Outgoing Internal Market Commissioner, Frits Bolkestein, the only one of that august body to vote against negotiations with Turkey, has given a choleric interview to Le Monde.
He remains opposed to Turkey’s entry because of its human rights record and thinks that the Rubicon had been crossed in Helsinki in 1999 when that country was given candidate status. (Though that had been done for no greater reason but to shut everybody up.)
Nor is Bolkestein greatly taken with the idea of a never-ending expansion. The only thing that could prevent an EU of 40 members in his opinion, is a no vote in a referendum somewhere. Since he is talking about putative applicants, a no vote is unlikely. And while we are on the subject: 40? Where does he get all those countries? Will Central Asia and North Africa suddenly become Europe?
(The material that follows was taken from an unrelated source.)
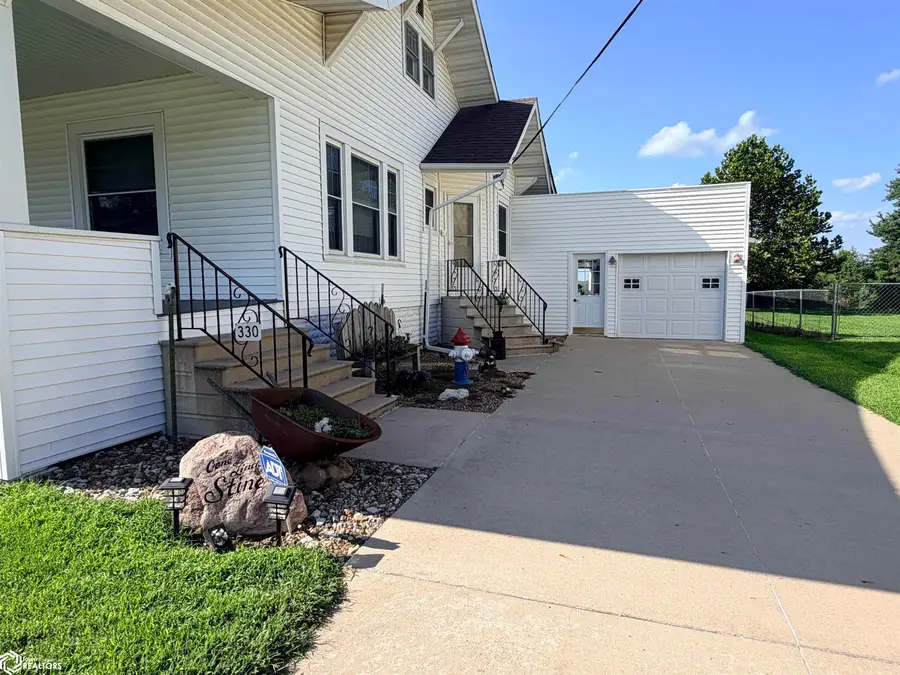 330 W Cedar Street, Birmingham, IA 52535 - #3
According to Mr Bolkestein most governments and Commissioners are against Turkey’s membership and if there had been a secret vote, the result would have been very different. As it is, foreign ministers want to appear nice and nobody dares to say no. The EU will become unmanageable, he warns.
As we predicted in a previous posting, Marta Andreasen, the whistle-blowing chief accountant at the European Commission has now been fired after a hearing by what can only be described as a kangaroo court (a term, incidentally, that seems not to be of Australian but American origjn, first used in Texas in the 1840s).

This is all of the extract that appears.